Photo by Debby Hudson on Unsplash

Ahh, crawling back into my hermit shell at the end of it all—the best bit! Hehe, just kidding (or am I?). Being in community with others feels so much better when I know I have some delicious alone time scheduled later that day, week or weekend. It means that instead of using alone time as a vice which I overindulge in, I can use it as a reward for gently challenging myself to be in that social environment. If my tank is running on empty, it’s hard to give any sort of positive energy toward others, but when it’s been filled by doing all the fun me-time things I love to do (listen to music, be in nature, journal, play video games…), I feel like I can really show up as my best self when I get back into social situations again. Plus, if you’re coming out of lockdown like I am and  have socially anxious tendencies, you’re definitely going to need that down time to replenish. Fill your tanks, my bbs!
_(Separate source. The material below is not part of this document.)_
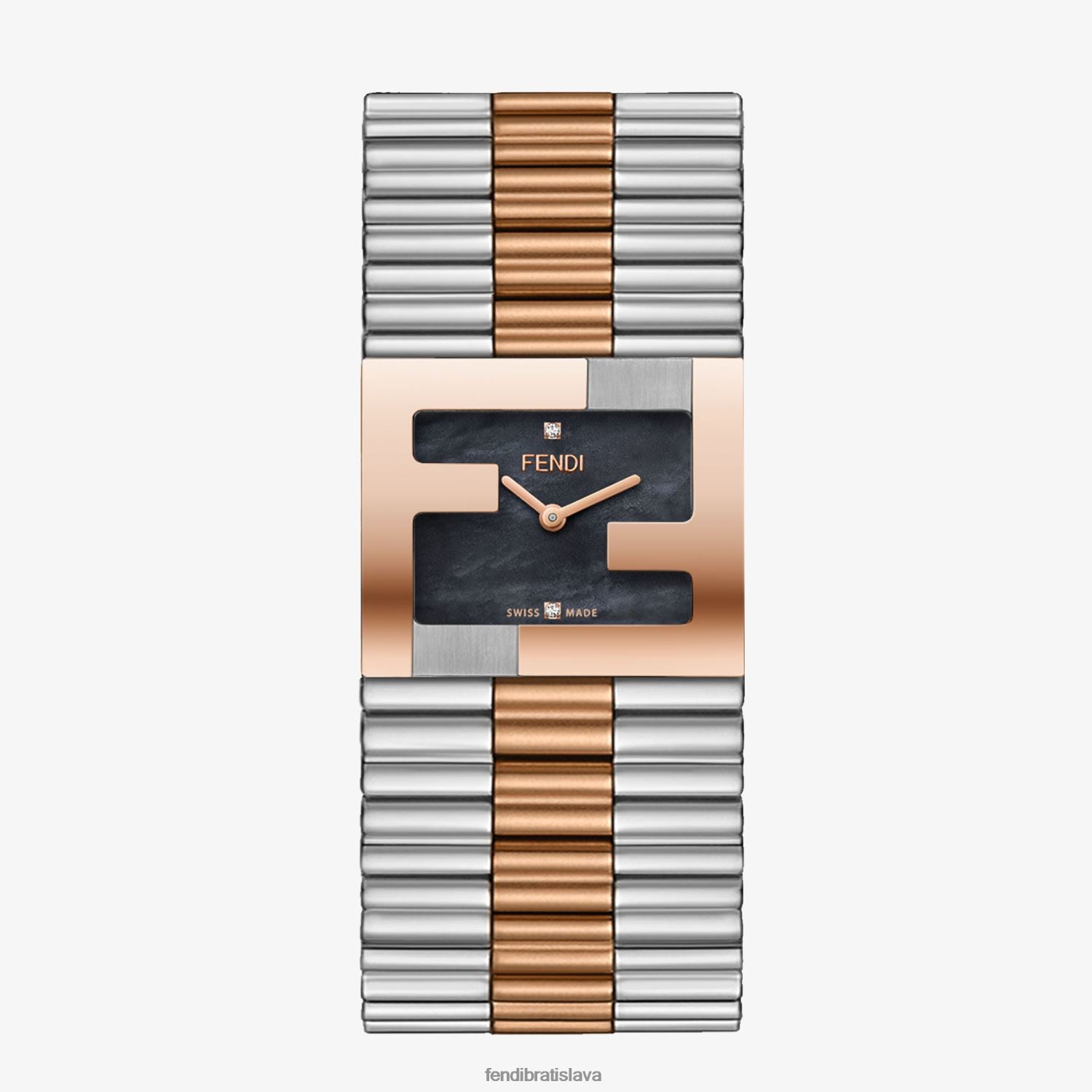 príslušenstvo Fendi 24x20mm - hodinky s rámčekom s logom ff viacfarebný ženy 8NT4Z8425 - Kliknutím na obrázok zatvorte -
Stay safe, take care of yourselves, and take care of those around you!

We are all deserving of care, of feeling a sense of belonging and of being able to contribute positively to the communities around us, whether we are super self-assured, or shy as heck. The secret is a little bravery, a little trust in others, and some faith that there will be lovely moments of connection wherever we go. I’m wishing everyone lots of luck with coming out of lockdown. Stay safe, take care of yourselves, and take care of those around you!


Rosie Clynes (she/her) is an artist, music producer, workshop facilitator and event organiser based in Naarm. Under the moniker ‘Komang’ she weaves together traditional Balinese and Javanese learnings with electronic r&b and dreamy trip-hop. She also works as a workshop facilitator at Creatives of Colour, a community-centred platform for Bla(c)k and POC artists, as well as The Push Inc., a youth music organisation. She tries to centre relationships and community in her work, finding joy in the people she works and creates alongside.